O Sicoob Central NE de Pernambuco nasceu em 1999, com o nome de Credipajeú, em São José do Egito, um município do alto Sertão do Pajeú pernambucano. Após seis meses, abriram a primeira agência com 101 sócios e 04 colaboradores. Atualmente, esse número pulou para 50 mil associados, mais de 300 diretos e indiretos, 38 pontos de atendimentos e 840 milhões de ativos. “O maior desafio enfrentado pelas cooperativas de crédito de Pernambuco tem sido a conscientização das pessoas sobre esse modelo de negócio. Os associados precisam conhecer e perceber que há um investimento social na comunidade onde as cooperativas estão instaladas”, conta Robéria.
Assim como os demais, a diretora acredita que o cooperativismo tem o poder de transformar os desafios enfrentados pelos nordestinos em grandes oportunidades de negócio, a partir de apoio ao financiamento de projetos com juros acessíveis e o fortalecimento local. “O estado pode aproveitar o cooperativismo a partir da construção de parcerias e políticas públicas, como por exemplo a formalização de convênios estaduais, a geração de emprego e renda, do aumento do PIB, todas essas iniciativas favorecem o círculo virtuoso do movimento”, conclui Araújo.
Impulsionando setores
O setor da alimentação e dos produtos regionais é outro grande case de sucesso cooperativista no estado, onde se destacam cooperativas como a Cooperativa de Produção e Comercialização da Agricultura Familiar Orgânica Agroecológica (Coopcafa), registrada na OCB/PE em 2016, com sede no município de Triunfo em Pernambuco.

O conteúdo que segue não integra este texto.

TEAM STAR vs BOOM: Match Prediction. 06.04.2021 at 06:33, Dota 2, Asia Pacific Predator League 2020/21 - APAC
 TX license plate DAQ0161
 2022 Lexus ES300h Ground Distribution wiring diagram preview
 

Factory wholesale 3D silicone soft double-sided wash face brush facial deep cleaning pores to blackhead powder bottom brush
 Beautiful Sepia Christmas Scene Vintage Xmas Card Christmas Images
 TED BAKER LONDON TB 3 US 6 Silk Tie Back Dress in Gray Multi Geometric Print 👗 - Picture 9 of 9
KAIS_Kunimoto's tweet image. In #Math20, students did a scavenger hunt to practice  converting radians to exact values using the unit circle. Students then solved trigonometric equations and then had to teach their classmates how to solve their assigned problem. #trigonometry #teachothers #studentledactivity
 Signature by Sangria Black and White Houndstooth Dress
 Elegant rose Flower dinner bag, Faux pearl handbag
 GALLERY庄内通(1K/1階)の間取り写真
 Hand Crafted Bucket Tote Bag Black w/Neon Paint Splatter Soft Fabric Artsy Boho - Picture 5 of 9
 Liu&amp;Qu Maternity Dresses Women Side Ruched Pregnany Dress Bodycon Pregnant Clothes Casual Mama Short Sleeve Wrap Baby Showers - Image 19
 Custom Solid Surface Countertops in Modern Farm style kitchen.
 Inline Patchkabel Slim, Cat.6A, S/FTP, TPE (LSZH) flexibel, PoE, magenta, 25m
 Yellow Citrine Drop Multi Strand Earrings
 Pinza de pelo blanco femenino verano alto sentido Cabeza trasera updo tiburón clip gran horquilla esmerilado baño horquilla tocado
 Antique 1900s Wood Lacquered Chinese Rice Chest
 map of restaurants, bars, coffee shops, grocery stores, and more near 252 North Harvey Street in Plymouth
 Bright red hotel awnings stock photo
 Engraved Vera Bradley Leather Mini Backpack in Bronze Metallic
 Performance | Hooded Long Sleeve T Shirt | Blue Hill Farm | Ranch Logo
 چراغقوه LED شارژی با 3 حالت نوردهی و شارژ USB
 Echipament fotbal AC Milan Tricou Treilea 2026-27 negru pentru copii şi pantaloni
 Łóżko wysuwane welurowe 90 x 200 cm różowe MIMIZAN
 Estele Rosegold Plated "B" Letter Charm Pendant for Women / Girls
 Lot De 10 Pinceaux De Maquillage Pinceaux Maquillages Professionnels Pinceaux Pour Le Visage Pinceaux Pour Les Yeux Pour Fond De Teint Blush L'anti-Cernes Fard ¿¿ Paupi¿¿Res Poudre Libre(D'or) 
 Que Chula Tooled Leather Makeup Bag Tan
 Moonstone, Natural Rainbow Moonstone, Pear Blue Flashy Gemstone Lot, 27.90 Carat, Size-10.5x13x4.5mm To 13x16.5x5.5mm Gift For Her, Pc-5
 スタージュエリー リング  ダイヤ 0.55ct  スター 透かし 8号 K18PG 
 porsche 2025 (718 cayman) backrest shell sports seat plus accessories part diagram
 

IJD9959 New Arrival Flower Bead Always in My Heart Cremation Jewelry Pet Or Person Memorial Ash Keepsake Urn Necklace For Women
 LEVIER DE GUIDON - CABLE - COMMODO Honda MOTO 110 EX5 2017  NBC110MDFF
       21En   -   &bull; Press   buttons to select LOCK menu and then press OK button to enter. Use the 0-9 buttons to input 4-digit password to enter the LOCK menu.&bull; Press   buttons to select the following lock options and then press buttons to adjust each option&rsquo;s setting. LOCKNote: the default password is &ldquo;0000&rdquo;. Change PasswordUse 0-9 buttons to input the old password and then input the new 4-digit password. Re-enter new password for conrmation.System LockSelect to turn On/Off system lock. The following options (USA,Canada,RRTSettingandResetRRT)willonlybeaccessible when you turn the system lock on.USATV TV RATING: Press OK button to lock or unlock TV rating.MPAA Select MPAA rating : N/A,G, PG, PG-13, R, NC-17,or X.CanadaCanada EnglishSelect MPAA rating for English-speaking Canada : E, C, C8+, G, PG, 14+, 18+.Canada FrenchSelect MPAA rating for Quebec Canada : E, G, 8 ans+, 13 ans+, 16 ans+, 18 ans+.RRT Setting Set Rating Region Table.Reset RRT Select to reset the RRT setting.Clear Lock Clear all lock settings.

A organização tem 48 cooperados e seu carro-chefe é o açúcar e a rapadura. Só em 2023, a cooperativa moeu 732 toneladas de cana-de-açúcar.
Nadjanécia Guerra, Presidente da Coopcafa conta que a cooperativa é um modelo que vem dando certo no setor agropecuário. Entre as vantagens de atuar via modelo cooperativista estão a de escoar melhor a produção, se tornar regularizada com a emissão de notas fiscais e garantir o acesso a pequenos e grandes mercados. “Para os municípios, ela gera renda, cuida da comercialização e trabalha com o ato não cooperativo, agregando valor ao local. Atualmente, fazemos contratos com mais de 5 engenhos para envio de matéria-prima. A cooperativa também já recebeu visita de grupos de Moçambique para conhecer seu modelo de gestão. Para os próximos anos, pretendemos aumentar o número de cooperados, melhorar a produção e exportar nos próximos três anos”, relata Guerra.